The two candidates run about evenly as the one more in touch with “people like you.”

On the issues, Clinton has big head-to-head leads on handling the economy and health care, while the two are more closely matched on dealing with the war in Iraq and immigration.

Obama campaign officials have argued that victories in Texas and Ohio alone would not be enough to put Clinton on a path to the nomination. Given Obama’s lead among pledged delegates, now in the neighborhood of 150, Clinton would need big wins to make real gains in the delegate count, because of Democratic Party rules that award delegates proportionally on the basis of the popular vote.

The Texas system in particular, which includes both a primary and caucuses on the same day, may benefit Obama, who has excelled in previous caucuses. Given the closeness of the race, that system will make it all the more difficult for Clinton to come out of the state with a big gain in the overall delegate battle.

But Clinton campaign officials counter that victories for her in Ohio and Texas would seed doubts about Obama because he would by then have lost the vast majority of the most populous states that have voted. The Clinton camp hopes such doubts would prompt the superdelegates — members of Congress, governors and party officials who have automatic voting rights at the convention and who may hold the balance of power in the nominating battle — to rethink the race.

The demographic contours of the two upcoming contests provide insights into what each candidate needs to do over the next two weeks to win.

Clinton holds sizable leads in Ohio and Texas among white women — 17 percentage points in Texas and a whopping 35 points in Ohio. She is doing well among white men in Ohio as well, leading Obama by 12 percentage points in that group. In Texas, Obama leads among white men by 10 points. If Obama were to stay stuck at 40 percent among white men in Ohio, it would be one of his worst showings among those voters since Super Tuesday.

Seniors break for Clinton by wide margins in both states; Obama’s only win so far among older voters was in Virginia, according to network exit polls.

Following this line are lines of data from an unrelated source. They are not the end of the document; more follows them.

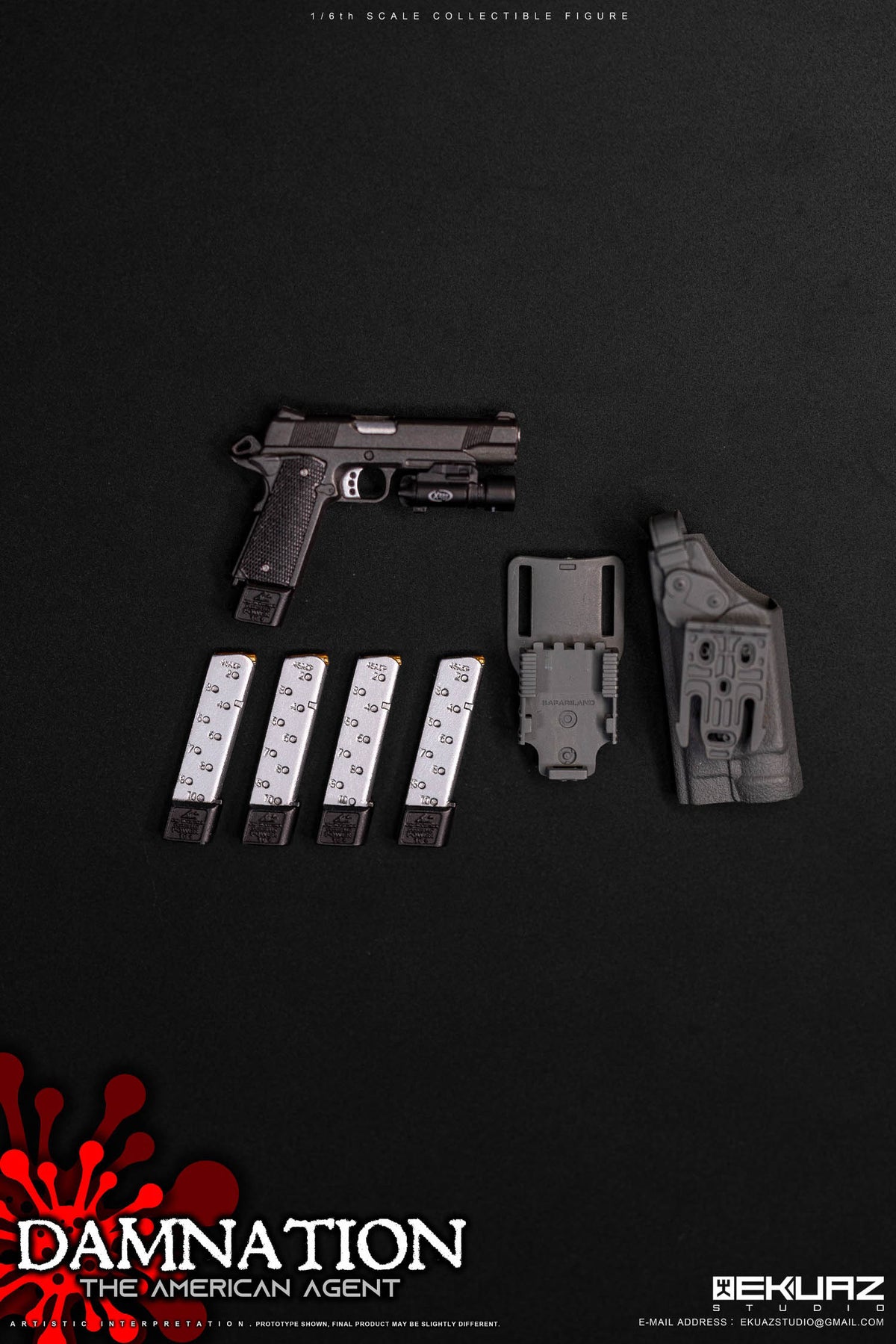 EKUAZ STUDIO EKS09 1/6 Damnation The American Agent Resident Zombie Evil Crisis Leon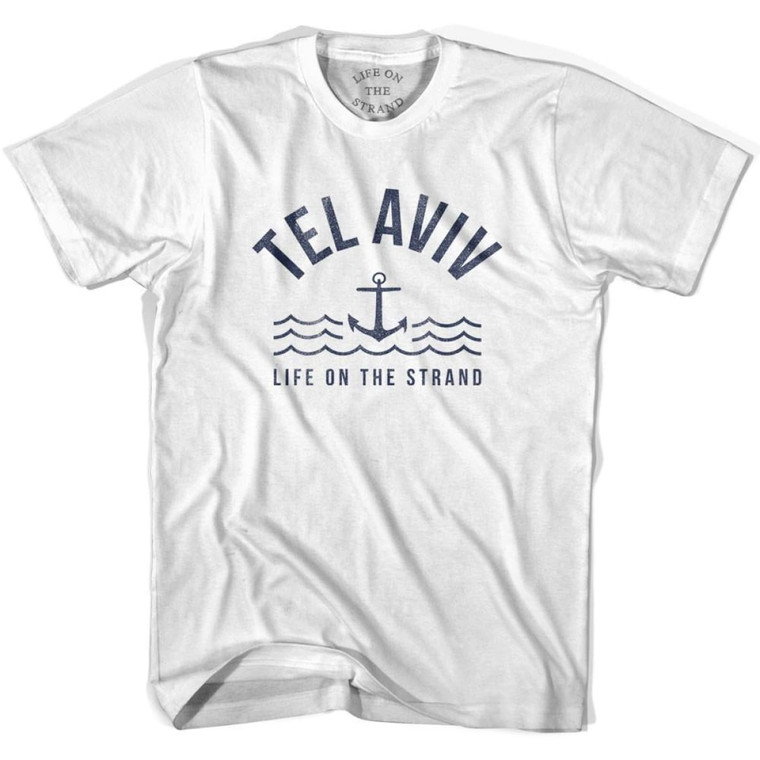 Tel Aviv Anchor Life on the Strand T-shirt-Adult - White
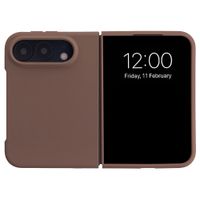 Accezz Liquid Silikoncase mit MagSafe Apple iPhone Duo - New Tea Brown
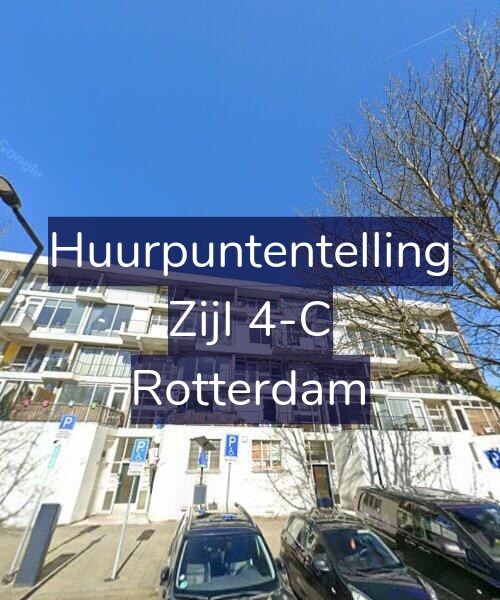 Foto gevel Huurpuntentelling voor Zijl 4-C, Rotterdam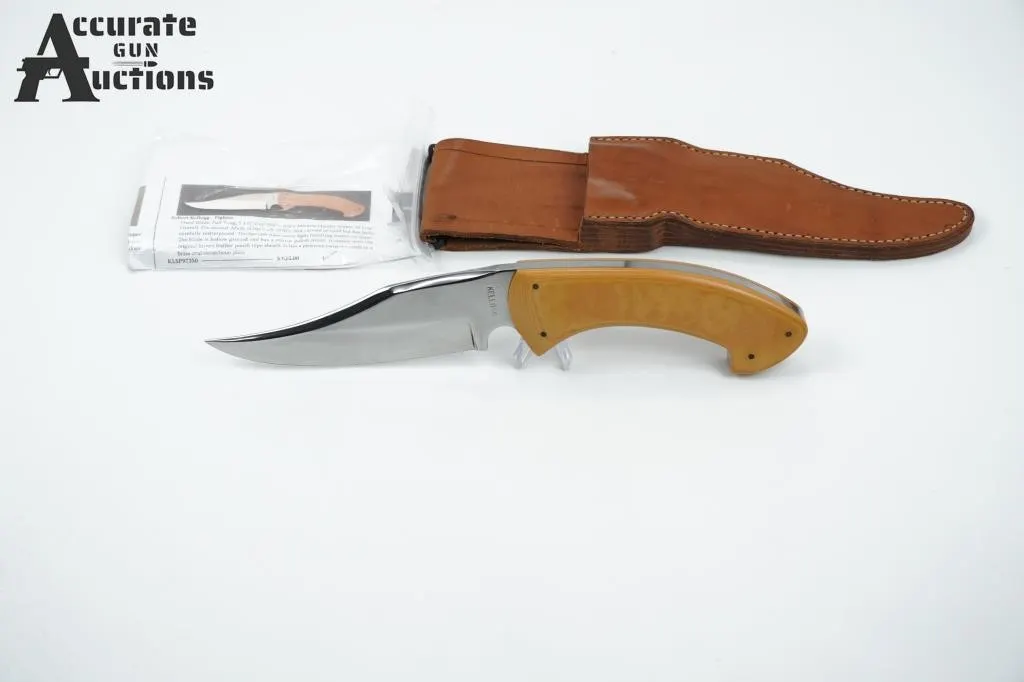 Kellogg Customer Fighter Knife W/ Sheath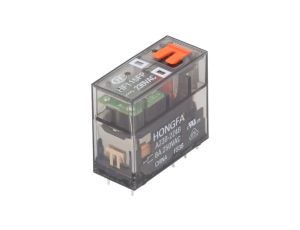 Przekaźnik elektromagnetyczny DPDT Ucewki: 230VAC 8A PCB HF115FP/A230-2Z4B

Obama has overwhelming leads, roughly 4 to 1, among black voters in both states. But Clinton has solid support in the Hispanic community in Texas, leading Obama by about 20 percentage points among a group of voters who proved crucial in her victories in California and other Super Tuesday states.

Clinton is seeking to hold two other core groups in her once-strong coalition — less-educated, lower-income white voters and self-identified Democrats. By focusing on the economy, particularly in Ohio, she hopes to prevent the kind of shift to Obama seen in Wisconsin on Tuesday.

The Post-ABC News polls show her with wide leads among white voters with annual family incomes under $50,000 in both states, and with a 16-point advantage among those from union households in Ohio. She leads Obama by 11 points among white voters in Texas who do not have a college degree and by 38 points among those voters in Ohio. Obama will need to cut into that margin in Ohio if he hopes to overtake Clinton there.

Independents lifted Obama to many of his early victories, but he has also carried the support of mainline Democrats since Super Tuesday. These new polls, however, show Clinton leading Obama by double-digit margins among Democrats. Both Ohio and Texas hold open primaries, in which any registered voter may cast a ballot.

The polls were conducted by telephone Feb. 16 to 20, among random samples of 611 Ohio adults and 603 Texas adults likely to participate in the Democratic primaries in those states. Sampling-error margins are plus or minus four percentage points for the full samples; error margins are larger for subgroups.

Cohen reported from Washington. Polling analyst Jennifer Agiesta in Washington contributed to this report.